This is how the resulting table looks like. Out of 13147 packages on
CRAN we are looking at 5421, i.e. packages using the [email protected] field.
There is one line per author in a package.

str(cran_authors)
## Classes 'tbl_df', 'tbl' and 'data.frame':    16272 obs. of  7 variables:
##  $ Package     : chr  "abbyyR" "abc" "abc" "abc" ...
##  $ authors_at_r: chr  "person(\"Gaurav\", \"Sood\", email = \"[email protected]\", role = c(\"aut\", \"cre\"))" "c( \n    person(\"Csillery\", \"Katalin\", role = \"aut\", email=\"[email protected]\"),\n    person(\"Le"| __truncated__ "c( \n    person(\"Csillery\", \"Katalin\", role = \"aut\", email=\"[email protected]\"),\n    person(\"Le"| __truncated__ "c( \n    person(\"Csillery\", \"Katalin\", role = \"aut\", email=\"[email protected]\"),\n    person(\"Le"| __truncated__ ...
##  $ given       : chr  "Gaurav" "Csillery" "Lemaire" "Francois" ...
##  $ family      : chr  "Sood" "Katalin" "Louisiane" "Olivier" ...
##  $ email       : chr  "[email protected]" "[email protected]" NA NA ...
##  $ comment     : chr  NA NA NA NA ...
##  $ orcid       : chr  NA NA NA NA ...

We can count the number of occurrences of ORCIDs.

(cran_authors %>%
  dplyr::filter(!is.na(orcid)) %>%
  dplyr::pull(Package) %>%
  unique() %>%
  length() -> orcid_pkg_no)
## [1] 613

Only 613 packages have at least an ORCID ID out of 13147 CRAN packages
(you can’t have an ORCID ID without using the [email protected] field).

There are 512 unique ORCID IDs.

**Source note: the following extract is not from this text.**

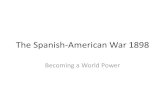 The Spanish-American War 1898 · The Spanish-American War 1898 Becoming a World Power. Great Power on a World Stage •1890—Spanish empire had been reduced to Cuba, Philippines,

Let’s look at the most prolific authors
with an ORCID ID.

cran_authors %>%
  dplyr::filter(!is.na(orcid)) %>%
  dplyr::count(orcid, sort = TRUE) %>%
  head(n = 10) -> most_prolific
knitr::kable(most_prolific)
orcid n
0000-0003-1444-9135 29
0000-0002-4035-0289 21
0000-0003-0918-3766 21
0000-0003-4198-9911 19
0000-0003-4097-6326 16
0000-0001-8301-0471 13
0000-0003-0645-5666 12
0000-0001-5243-233X 11
0000-0001-5670-2640 11
0000-0002-8584-459X 10

Then we can use rorcid to get a glimpse of their profile.

rorcid::as.orcid(most_prolific$orcid)
## [[1]]
##  0000-0003-1444-9135
##   Name: Chamberlain, Scott
##   URL (first): http://ropensci.org/
##   Country: US
##   Keywords: ecology, open access, bioinformatics, evolution, R
## 
## [[2]]
##  0000-0002-4035-0289
##   Name: Ooms, Jeroen
##   URL (first): https://github.com/jeroen
##   Country: NL
##   Country: US
##   Keywords: 
## 
## [[3]]
##  0000-0003-0918-3766
##   Name: Zeileis, Achim
##   URL (first): https://eeecon.uibk.ac.at/~zeileis/
##   Country: AT
##   Keywords: 
## 
## [[4]]
##  0000-0003-4198-9911
##   Name: Hornik, Kurt
##   URL (first): 
##   Country: 
##   Keywords: 
## 
## [[5]]
##  0000-0003-4097-6326
##   Name: Leeper, Thomas
##   URL (first): http://www.lse.ac.uk/government/whosWho/Academic%20profiles/ThomasLeeper.aspx
##   Country: GB
##   Keywords: Public Opinion, Survey Experiments, Political Behaviour, R, Research Design
## 
## [[6]]
##  0000-0001-8301-0471
##   Name: Hothorn, Torsten
##   URL (first): 
##   Country: 
##   Keywords: 
## 
## [[7]]
##  0000-0003-0645-5666
##   Name: Xie, Yihui
##   URL (first): https://yihui.name
##   Country: 
##   Keywords: 
## 
## [[8]]
##  0000-0001-5243-233X
##   Name: Tang, Yuan
##   URL (first): https://terrytangyuan.github.io/about/
##   Country: US
##   Keywords: Machine Learning, Data Visualization, Open Source, Software Engineering
## 
## [[9]]
##  0000-0001-5670-2640
##   Name: Rudis, Bob
##   URL (first): http://rud.is/b
##   Country: US
##   Keywords: cybersecurity, r, data visualization, web crawling/scraping
## 
## [[10]]
##  0000-0002-8584-459X
##   Name: You, Kisung
##   URL (first): https://kisungyou.github.io/
##   Country: KR
##   Keywords:

Interestingly we recognize some names from the most prolific CRAN
maintainers (Scott and Jeroen, again!) but not only. Note that another
difference with David Smith’s
post

is that the list above includes authors no matter their role.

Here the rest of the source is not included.